In merito alla nuova distinzione tra attività commerciali e non commerciali, essa entrerà in vigore si presume nel 2019, sempre che nel corso del 2018 si verifichino le due condizioni previste dalla legge. La prima consiste nell’approvazione da parte della Commissione europea delle misure fiscali relative appunto alla nuova definizione di attività commerciale, in modo che le misure non siano considerate aiuti di Stato. La seconda è che il Registro unico nazionale degli enti del terzo settore sia operativo.
Come cambierà la commercialità

Per capire come cambierà il concetto di commercialità rilevano due questioni. La prima è la commercialità della singola attività. Per l’attività della onlus che ha posto il quesito (assistenza socio-sanitaria), l’attività sarà non commerciale qualora la somma delle rette richieste agli assistiti o ai loro familiari più le contribuzioni di natura pubblica sia minore della somma dei costi effettivi, includendovi in essi quelli diretti e quelli indiretti legati alla specifica attività. Non devono essere considerati tra i contributi di natura pubblica gli importi di partecipazione alla spesa previsti dall’ordinamento (ad esempio i ticket sanitari).
In relazione alla commercialità dell’ente nel suo insieme, al posto dell’attuale articolo 149 del Tuir, si considera commerciale l’ente che risulti avere le entrate commerciali da attività di interesse generale sommate alle attività diverse, al netto delle sponsorizzazioni, maggiori della somma delle attività non commerciali, delle liberalità, delle quote associative, delle raccolte pubbliche di fondi e del valore normale delle cessioni e delle prestazioni gratuite offerte gratuitamente dall’ente.
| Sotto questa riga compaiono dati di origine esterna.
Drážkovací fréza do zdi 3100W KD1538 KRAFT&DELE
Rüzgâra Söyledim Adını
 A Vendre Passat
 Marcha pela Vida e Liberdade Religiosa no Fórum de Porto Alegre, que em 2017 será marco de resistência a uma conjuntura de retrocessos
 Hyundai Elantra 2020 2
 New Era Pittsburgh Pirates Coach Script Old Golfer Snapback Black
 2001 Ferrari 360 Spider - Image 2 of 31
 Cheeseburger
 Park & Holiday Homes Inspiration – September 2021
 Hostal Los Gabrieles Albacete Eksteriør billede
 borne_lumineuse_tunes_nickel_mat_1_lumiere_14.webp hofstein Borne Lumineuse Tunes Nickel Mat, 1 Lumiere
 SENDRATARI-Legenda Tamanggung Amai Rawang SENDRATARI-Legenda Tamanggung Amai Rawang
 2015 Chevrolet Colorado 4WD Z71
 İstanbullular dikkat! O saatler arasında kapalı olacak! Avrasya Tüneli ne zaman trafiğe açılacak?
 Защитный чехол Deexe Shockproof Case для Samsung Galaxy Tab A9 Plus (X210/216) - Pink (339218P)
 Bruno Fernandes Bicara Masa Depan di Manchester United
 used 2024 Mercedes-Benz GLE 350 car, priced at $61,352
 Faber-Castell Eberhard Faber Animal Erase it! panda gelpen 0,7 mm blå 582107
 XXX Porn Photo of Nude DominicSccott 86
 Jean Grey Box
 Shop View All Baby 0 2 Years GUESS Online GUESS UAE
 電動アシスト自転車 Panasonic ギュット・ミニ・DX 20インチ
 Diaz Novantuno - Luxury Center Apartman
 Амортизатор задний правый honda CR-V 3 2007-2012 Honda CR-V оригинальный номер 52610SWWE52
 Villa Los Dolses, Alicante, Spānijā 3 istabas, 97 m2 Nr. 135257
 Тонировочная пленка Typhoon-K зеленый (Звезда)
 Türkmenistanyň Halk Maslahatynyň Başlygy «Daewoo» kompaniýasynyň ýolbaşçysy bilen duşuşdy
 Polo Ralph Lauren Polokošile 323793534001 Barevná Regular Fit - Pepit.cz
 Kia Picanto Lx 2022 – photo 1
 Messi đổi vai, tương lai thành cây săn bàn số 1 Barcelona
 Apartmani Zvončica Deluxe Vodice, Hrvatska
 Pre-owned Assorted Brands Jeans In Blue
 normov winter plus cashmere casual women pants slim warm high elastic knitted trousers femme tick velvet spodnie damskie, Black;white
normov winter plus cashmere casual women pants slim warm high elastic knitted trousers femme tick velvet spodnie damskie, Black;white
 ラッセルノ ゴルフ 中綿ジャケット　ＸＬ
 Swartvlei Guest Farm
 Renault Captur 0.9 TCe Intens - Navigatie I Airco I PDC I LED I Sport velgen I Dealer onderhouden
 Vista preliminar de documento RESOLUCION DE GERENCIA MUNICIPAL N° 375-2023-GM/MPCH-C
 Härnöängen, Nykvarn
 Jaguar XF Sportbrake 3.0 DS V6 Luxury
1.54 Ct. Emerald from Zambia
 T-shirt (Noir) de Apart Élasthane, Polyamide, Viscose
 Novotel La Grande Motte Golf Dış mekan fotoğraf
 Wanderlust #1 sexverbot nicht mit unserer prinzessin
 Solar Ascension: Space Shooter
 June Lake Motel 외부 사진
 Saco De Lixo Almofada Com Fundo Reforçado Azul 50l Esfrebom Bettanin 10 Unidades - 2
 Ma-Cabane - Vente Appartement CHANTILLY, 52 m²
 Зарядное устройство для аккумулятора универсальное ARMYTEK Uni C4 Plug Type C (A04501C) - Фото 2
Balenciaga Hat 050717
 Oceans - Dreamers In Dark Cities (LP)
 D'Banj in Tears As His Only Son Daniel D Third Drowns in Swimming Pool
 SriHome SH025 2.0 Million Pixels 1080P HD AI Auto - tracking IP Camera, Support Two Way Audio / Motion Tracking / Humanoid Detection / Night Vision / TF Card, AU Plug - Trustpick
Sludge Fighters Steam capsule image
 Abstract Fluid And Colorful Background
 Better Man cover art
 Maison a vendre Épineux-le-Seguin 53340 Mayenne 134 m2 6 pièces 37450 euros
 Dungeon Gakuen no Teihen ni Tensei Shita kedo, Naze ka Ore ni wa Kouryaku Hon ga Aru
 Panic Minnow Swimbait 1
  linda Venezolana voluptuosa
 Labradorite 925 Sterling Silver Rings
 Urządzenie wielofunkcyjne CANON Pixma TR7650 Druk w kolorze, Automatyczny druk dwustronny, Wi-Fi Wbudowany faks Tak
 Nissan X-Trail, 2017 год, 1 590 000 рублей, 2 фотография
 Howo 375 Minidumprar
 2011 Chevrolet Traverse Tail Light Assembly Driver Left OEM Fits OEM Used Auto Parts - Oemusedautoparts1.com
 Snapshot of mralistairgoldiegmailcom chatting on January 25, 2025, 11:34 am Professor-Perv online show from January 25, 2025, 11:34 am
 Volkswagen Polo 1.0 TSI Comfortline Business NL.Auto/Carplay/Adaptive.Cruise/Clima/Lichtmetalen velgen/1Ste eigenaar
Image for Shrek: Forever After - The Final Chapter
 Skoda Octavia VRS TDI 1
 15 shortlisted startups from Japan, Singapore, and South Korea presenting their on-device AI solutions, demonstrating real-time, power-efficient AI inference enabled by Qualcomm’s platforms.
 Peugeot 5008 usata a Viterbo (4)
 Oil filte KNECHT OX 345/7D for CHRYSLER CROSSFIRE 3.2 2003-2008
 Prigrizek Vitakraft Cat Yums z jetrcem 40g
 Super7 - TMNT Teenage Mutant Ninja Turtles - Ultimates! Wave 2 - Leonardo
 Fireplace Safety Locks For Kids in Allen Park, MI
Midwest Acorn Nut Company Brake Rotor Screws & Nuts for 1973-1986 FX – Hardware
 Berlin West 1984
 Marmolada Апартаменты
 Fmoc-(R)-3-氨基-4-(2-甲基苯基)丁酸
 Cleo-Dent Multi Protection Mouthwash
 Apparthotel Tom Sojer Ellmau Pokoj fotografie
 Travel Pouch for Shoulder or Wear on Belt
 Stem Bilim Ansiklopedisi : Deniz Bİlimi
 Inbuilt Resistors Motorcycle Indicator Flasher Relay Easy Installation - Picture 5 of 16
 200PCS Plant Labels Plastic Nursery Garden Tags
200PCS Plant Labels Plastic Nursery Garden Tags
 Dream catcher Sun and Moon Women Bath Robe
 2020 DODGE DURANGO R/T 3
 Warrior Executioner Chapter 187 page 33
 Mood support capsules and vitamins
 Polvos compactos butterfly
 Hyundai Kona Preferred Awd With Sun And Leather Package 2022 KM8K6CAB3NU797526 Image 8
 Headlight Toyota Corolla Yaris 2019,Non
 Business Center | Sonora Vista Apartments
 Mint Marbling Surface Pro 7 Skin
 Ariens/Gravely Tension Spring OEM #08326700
Rispetto all’attuale situazione della normativa Onlus (che continuerà comunque ad applicarsi per tutto il 2018) il panorama e le prospettive cambiano notevolmente. Innanzitutto scompare la necessità di realizzare le attività prevalentemente a favore di persone svantaggiate, condizione propria delle Onlus che ha portato non pochi dubbi interpretativi sul concetto di svantaggio. Molte delle frizioni tra enti e direzioni regionali delle Entrate, infatti, scaturivano da una diversa concezione di svantaggio.

Per definire le attività degli enti del terzo settore non sarà quindi più necessario far riferimento ai soggetti svantaggiati, ma si dovrà di volta in volta comprendere se e in quale misura l’attività dell’ente sia compresa tra una delle 26 attività di interesse generale riportate nell’articolo 5 del Codice. Per molte delle attività, il legislatore ha provveduto a inserire la normativa di settore rendendo – o almeno questo è l’auspicio – più certo l’ambito di applicabilità della norma. Inoltre, non rileva che le attività siano svolte con modalità commerciali oppure no, in quanto comunque l’organizzazione non perderebbe la qualifica di ente del terzo settore qualora realizzasse anche in via prevalente attività commerciali.

Inoltre ci si augura che avranno maggiore respiro le attività diverse (che verranno definite da apposito decreto), in considerazione del triste destino delle attività connesse della norma Onlus. Diciannove anni di legge Onlus, infatti, non hanno chiarito la vera natura di tali attività e agli enti veniva sconsigliato avventurarsi nelle tipologie di attività il cui svolgimento in via prevalente avrebbe fatto perdere la qualifica di Onlus.

Di contro, gli enti del terzo settore perdono – rispetto alle Onlus – la presunzione assoluta di non commercialità (in relazione all’Ires) delle attività istituzionali e la non concorrenza alla formazione del reddito imponibile delle attività connesse. Infatti, gli enti del terzo settore saranno assoggettati all’Ires qualora l'attività sia definibile commerciale secondo i criteri precedentemente richiamati. La riforma comunque riporta la possibilità per gli Ets di optare per un regime di calcolo forfettario dell’imposta che prevede tre scaglioni di ricavi ai quali corrispondono tre coefficienti di redditività cui applicare l’aliquota unica Ires.